CVE-2026-48902

Vulnerability

Joomla! CMS versions 3.9.0 through 5.4.5 and 6.0.0 through 6.1.0 generate password and username reset links using plain HTTP instead of HTTPS when the "Force SSL" configuration flag is not explicitly enabled. This affects both the password and username reset features, regardless of whether the site itself is served over HTTPS.

Exploitation

An attacker with network access (e.g., on a shared Wi-Fi network or through a man-in-the-middle position) can intercept the plain HTTP reset link sent to the user. No authentication or user interaction beyond clicking the link is required by the attacker; the victim must trigger the reset flow and receive the link.
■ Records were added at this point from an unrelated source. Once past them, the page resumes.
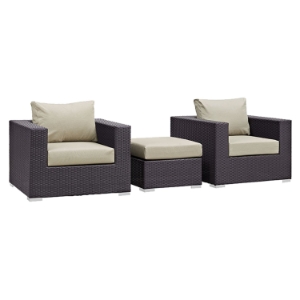 Convene 3 Pieces Outdoor Patio Chair Set 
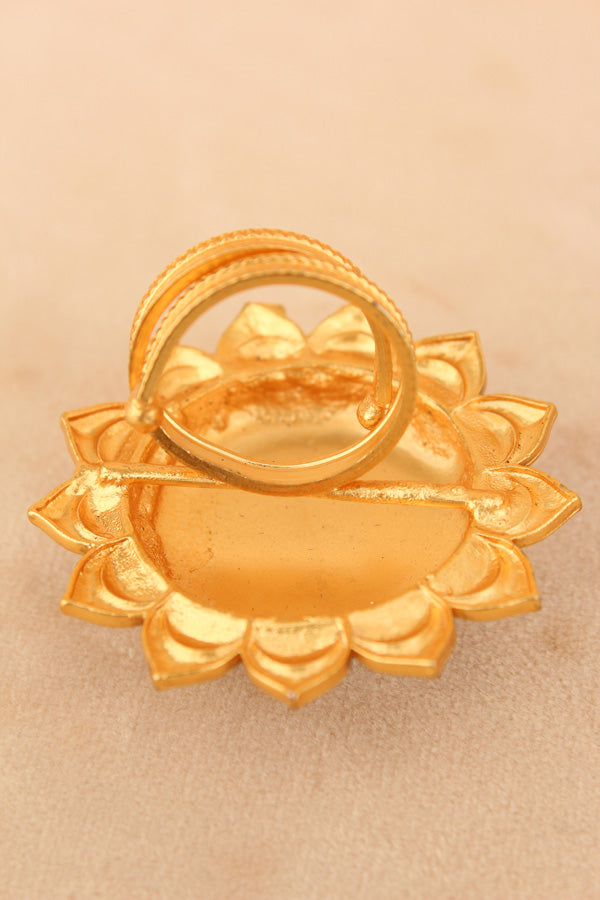 Pink Fashionable Adjustable Meenakari Ring With Sunflower Design (RF006-P)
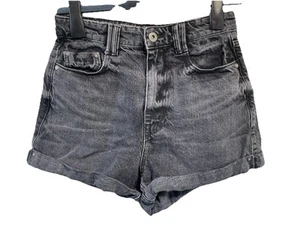 Zara Black Denim Shorts Women’s 28” Waist Stonewash - Picture 1 of 9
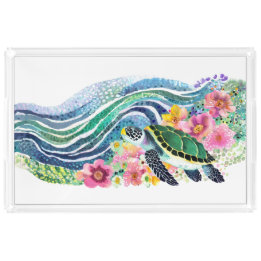 Plateau En Acrylique Vagues et tortue bleu côtier Aquarelle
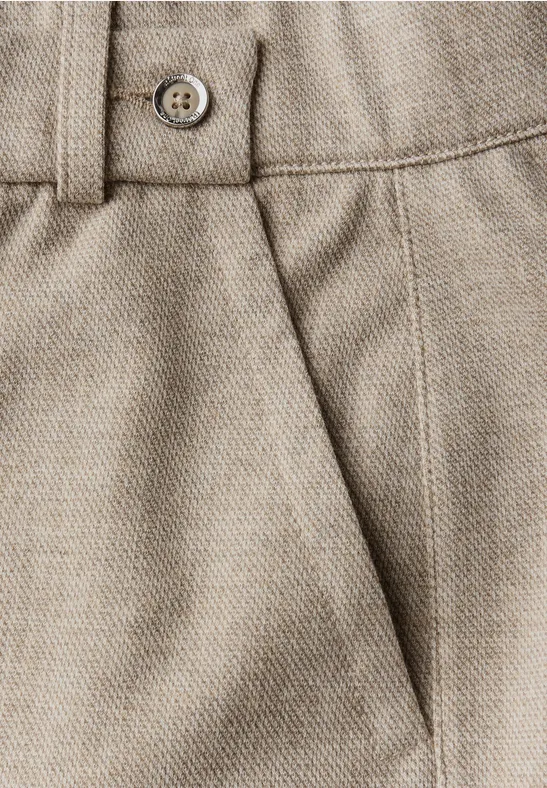 Gemêleerde broek met rechte leg malted beige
The attacker simply observes or modifies the HTTP traffic.

Impact

Successful exploitation allows the attacker to read the reset token from the plain HTTP request. With the token, the attacker can reset the victim’s password or username, gaining unauthorized access to the victim's Joomla! account. The confidentiality and integrity of the account are compromised, with potential for privilege escalation depending on the victim's role.

Mitigation

Upgrade to Joomla! CMS version 5.4.6 (for 3.x/5.x branches) or 6.1.1 (for 6.x branch), as fixed on 2026-05-26 [1]. Administrators can also enable the "Force SSL" flag in Global Configuration to enforce HTTPS for all sensitive operations as a workaround. No evidence of exploitation in the wild was reported as of publication.